Tata Sons on Monday said it has filed an affidavit in the London Commercial Court against the enforcement of the arbitration award in favour of Japan’s NTTDoCoMo.

“Tata Sons’ position is that it is not permitted to pay the sum claimed by DoCoMo pursuant to the award, since regulatory approval by India’s central bank, the Reserve Bank of India ... has been denied,” the company said in a statement. In the absence of such approval, enforcement of the award would be “unlawful under applicable Indian law and contrary to public policy.”

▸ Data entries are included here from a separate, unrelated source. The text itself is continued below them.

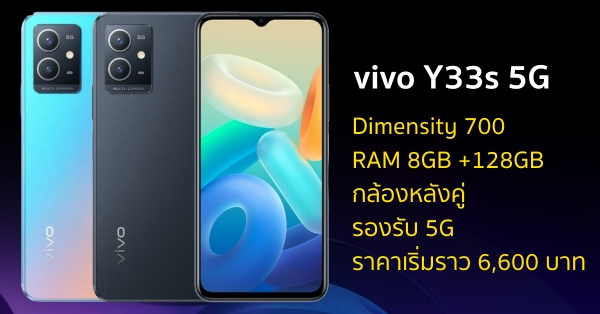 vivo v33 5g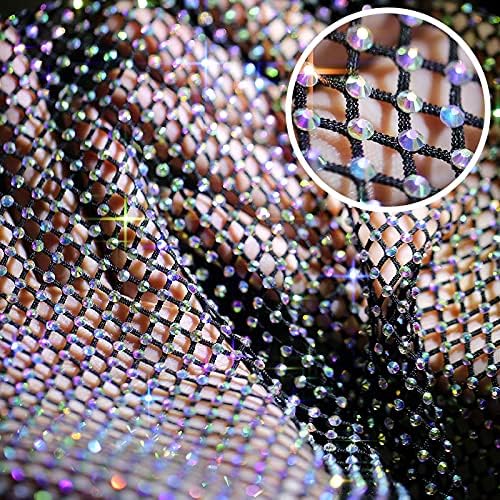 2 Colors Hematite Non Hotfix Flatback Rhinestone Glue On Glass Rhinestones DIY for Clothes Decoration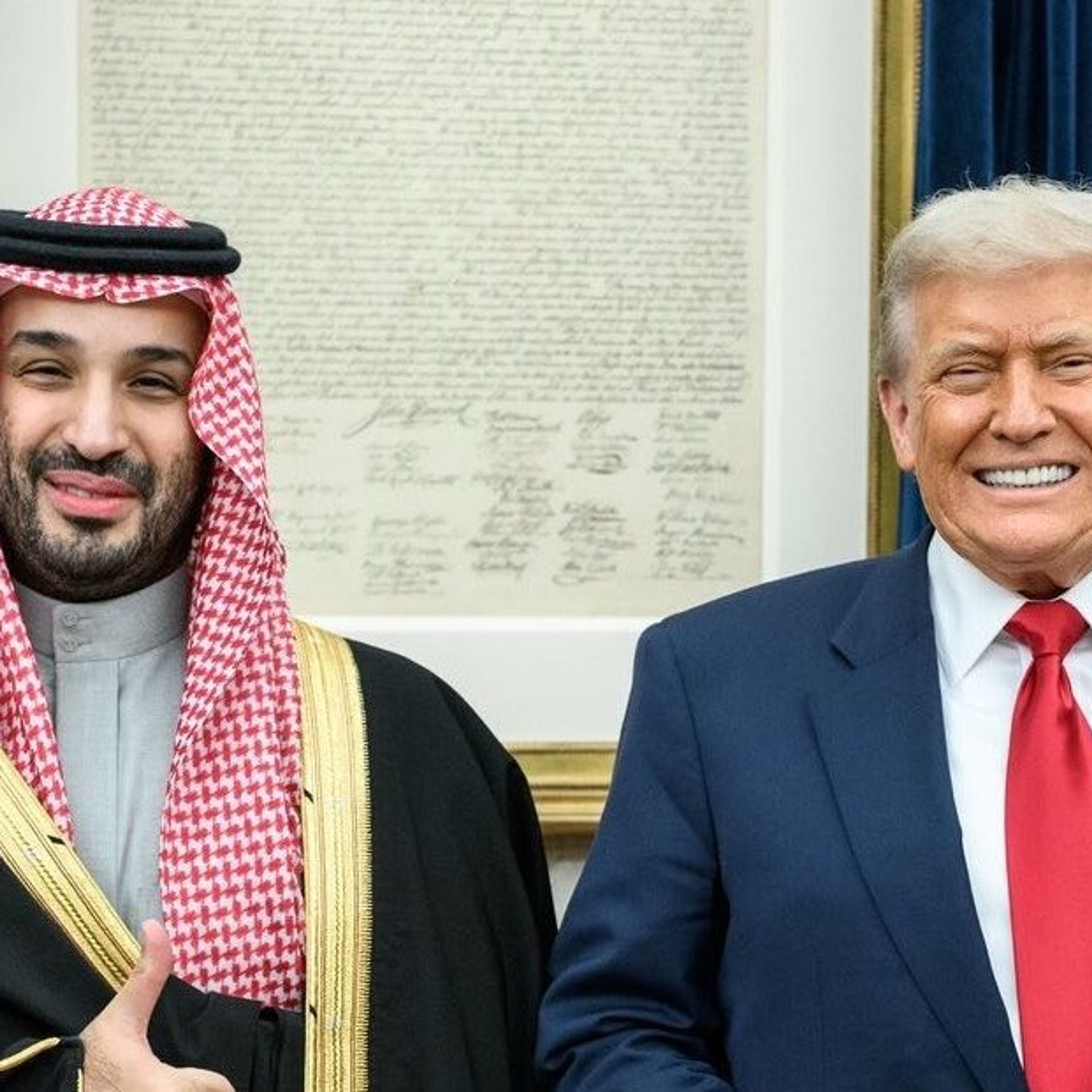 US-Saudi Nuclear Deal Opens Door to Uranium Enrichment as Iran Tensions Rise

Meanwhile, sources close to the Tata Group said that the company has told the Delhi High Court in a separate affidavit filed last week that according to UN provisions a country’s policy should take precedence over the arbitral tribunal award, and hence the group cannot be forced to pay $1.17 billion as compensation to DoCoMo. Indian laws do not permit share buybacks at premiums or direct payment of compensation to foreign companies.

Tata Sons has invoked the United Nations Convention on the Recognition and Enforcement of Foreign Arbitral Awards in the matter, sources added. The Mumbai-based salt-to-software group has pointed out how the Reserve Bank of India (RBI) denied it permission to remit the compensation money directly to DoCoMo on July 25.

According to a 2009 agreement that saw DoCoMo take a 26.5% stake in Tata Teleservices (TTSL), the Japanese company had the option of exiting the partnership if TTSL failed to meet certain financial targets, in return for a minimum 50% of its original investment. When DoCoMo chose to exercise this option in March 2014, it sought ₹58 per share, or ₹7,200 crore from the Tatas. But the RBI ruled that the option was not valid and payment would have to be at a fair market value. So the Tatas offered DoCoMo ₹23.34 a share. This led to an arbitration between the two. DoCoMo moved the London court in January 2015, and the Tatas were ordered to pay $1.17 billion. DoCoMo filed an enforcement proceeding before the Delhi High Court again in July 2016.

The Tata Group is likely to have invoked the same provision while filing the affidavit in the London court on Monday.